Dataset records
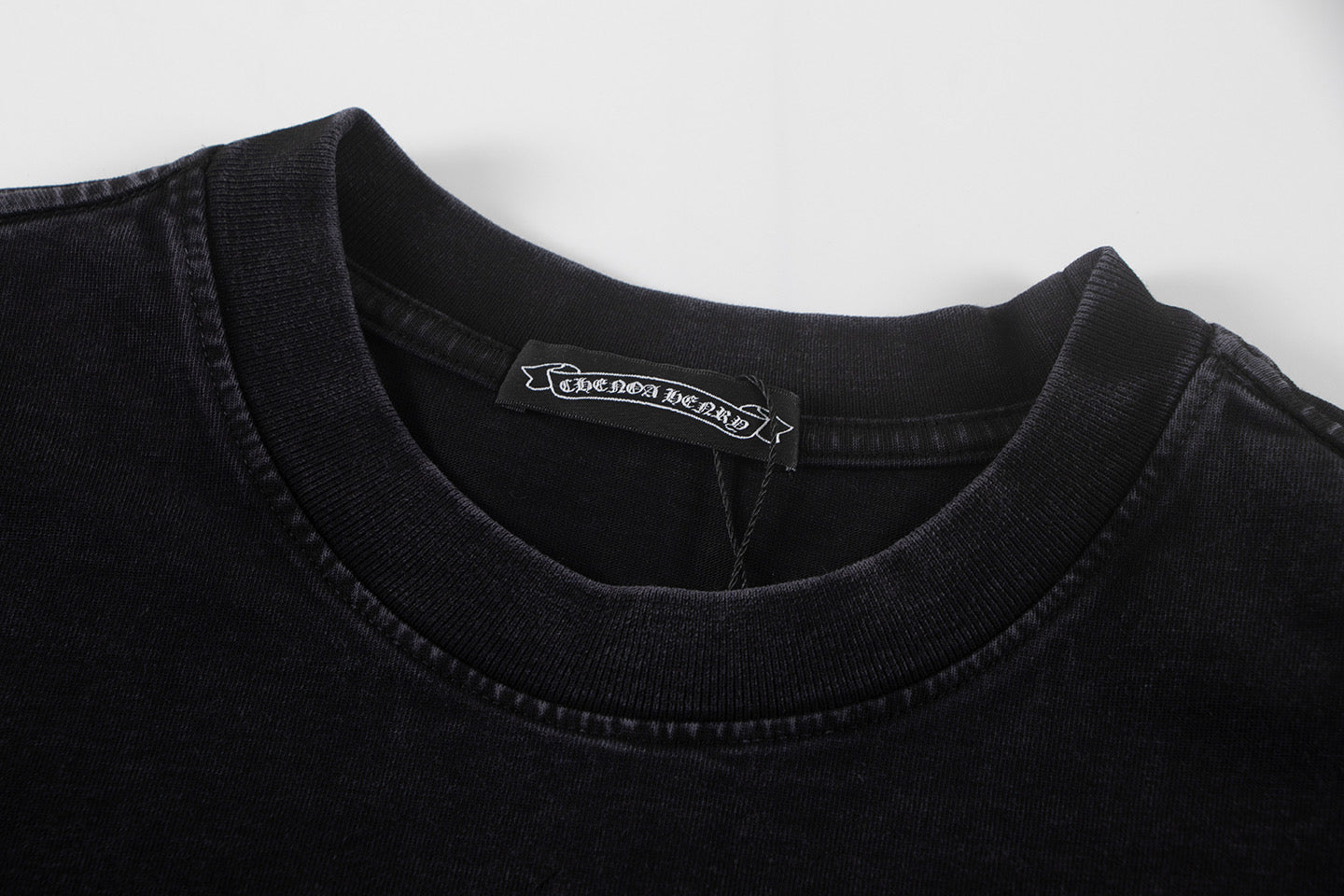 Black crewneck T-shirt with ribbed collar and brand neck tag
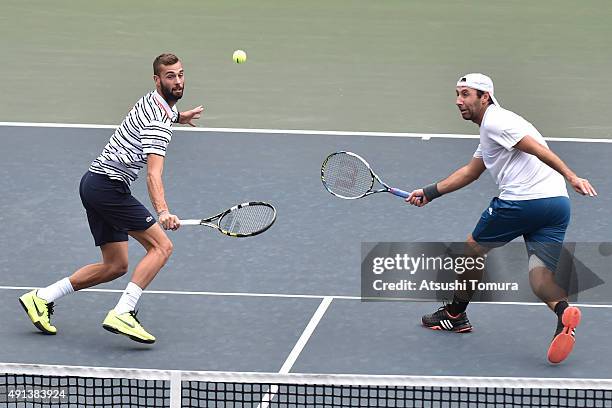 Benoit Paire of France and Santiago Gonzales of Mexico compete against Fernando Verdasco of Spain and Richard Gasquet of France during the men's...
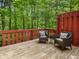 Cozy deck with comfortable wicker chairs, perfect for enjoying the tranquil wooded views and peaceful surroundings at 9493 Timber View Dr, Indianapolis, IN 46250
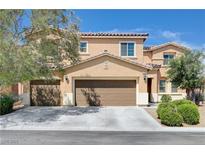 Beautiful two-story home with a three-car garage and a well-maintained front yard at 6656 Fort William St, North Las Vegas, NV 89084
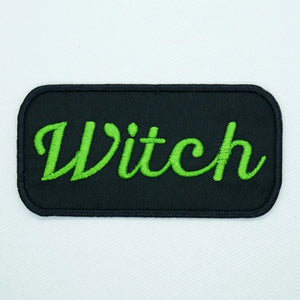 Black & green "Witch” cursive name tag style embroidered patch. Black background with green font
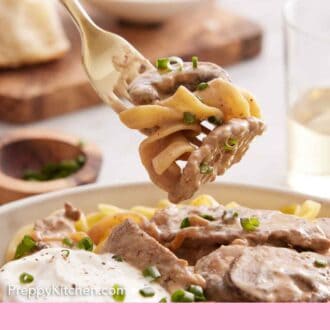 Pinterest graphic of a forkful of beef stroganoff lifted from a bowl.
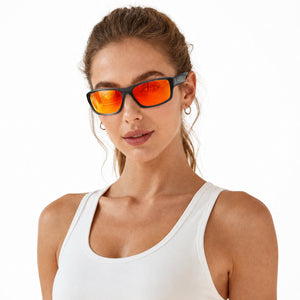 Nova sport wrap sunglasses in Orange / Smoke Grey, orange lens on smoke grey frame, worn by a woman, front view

* _Description of the task_: Every line in the data above needs to be given again exactly, pictures aside.

* _Exercise result_:
 Black crewneck T-shirt with ribbed collar and brand neck tag
 Benoit Paire of France and Santiago Gonzales of Mexico compete against Fernando Verdasco of Spain and Richard Gasquet of France during the men's...
 Cozy deck with comfortable wicker chairs, perfect for enjoying the tranquil wooded views and peaceful surroundings at 9493 Timber View Dr, Indianapolis, IN 46250
 Beautiful two-story home with a three-car garage and a well-maintained front yard at 6656 Fort William St, North Las Vegas, NV 89084
 Black & green "Witch” cursive name tag style embroidered patch. Black background with green font
 Pinterest graphic of a forkful of beef stroganoff lifted from a bowl.
 Nova sport wrap sunglasses in Orange / Smoke Grey, orange lens on smoke grey frame, worn by a woman, front view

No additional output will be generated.